Intent Catcher training and sample dataset

Hey folks,

Total beginner when it comes to AI here. I’m trying to find the sample datasets that the intent catcher uses. DeepPavlov/deeppavlov/configs/intent_catcher at 0.17.6 · deeppavlov/DeepPavlov · GitHub

I’m able to use the default trained classifier but I need to add my own data. Regex is needed for me or else I’d just use one of the other configs. Does anyone have good documentation for how to setup the training and test data?

Docs say training data is suppose to be structured like

{
    "intent_1": ["regexp1", "regexp2"]
}

which is self explanatory, but I cant find what test.json and valid.json are suppose to look like.

Trying to train with empty test and valid files gives me errors.
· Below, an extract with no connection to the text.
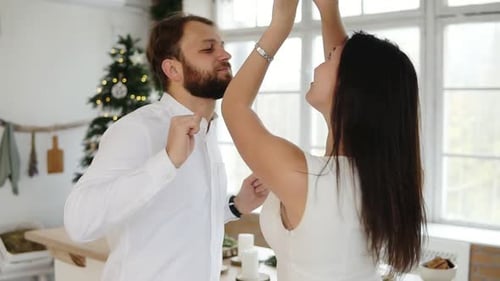 Happy Attractive Young Couple in Love Dance Together in Their Stylish Apartment By the Christmas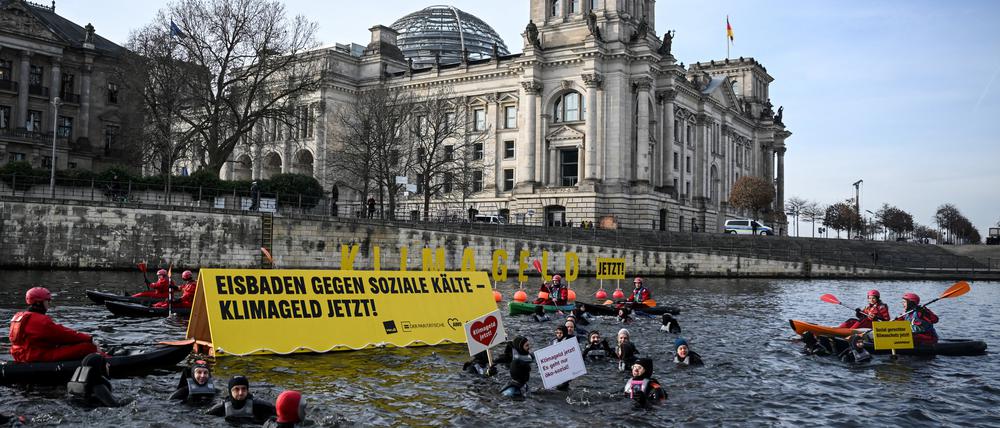 Aktivisten von verdi, AWO, dem Paritätischen und Greenpeace schwimmen und paddeln in der Spree. Sie zeigen Plakate mit der Aufschrift «Klimageld Jetzt!» und «Eisbaden gegen soziale Kälte - Klimageld jetzt!». Demonstriert wird für eine schnelle Einführung des Klimagelds.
  File "<...>/deeppavlov/core/trainers/nn_trainer.py", line 175, in _validate
    metrics = list(report['metrics'].items())
AttributeError: 'NoneType' object has no attribute 'items'

Maybe this is more a question about nn_trainer.
Any help would be appreciated.

Thanks!

Hi!

The train/valid/test data are implied to have the same format.
If you do not have valid/test files, you may split your train data to train+valid+test (like here DeepPavlov/rusentiment_convers_bert.json at 0.17.6 · deeppavlov/DeepPavlov · GitHub)
or specify which parts of the dataset you want to evaluate on (DeepPavlov/intent_catcher.json at 0.17.6 · deeppavlov/DeepPavlov · GitHub) – train, valid, test.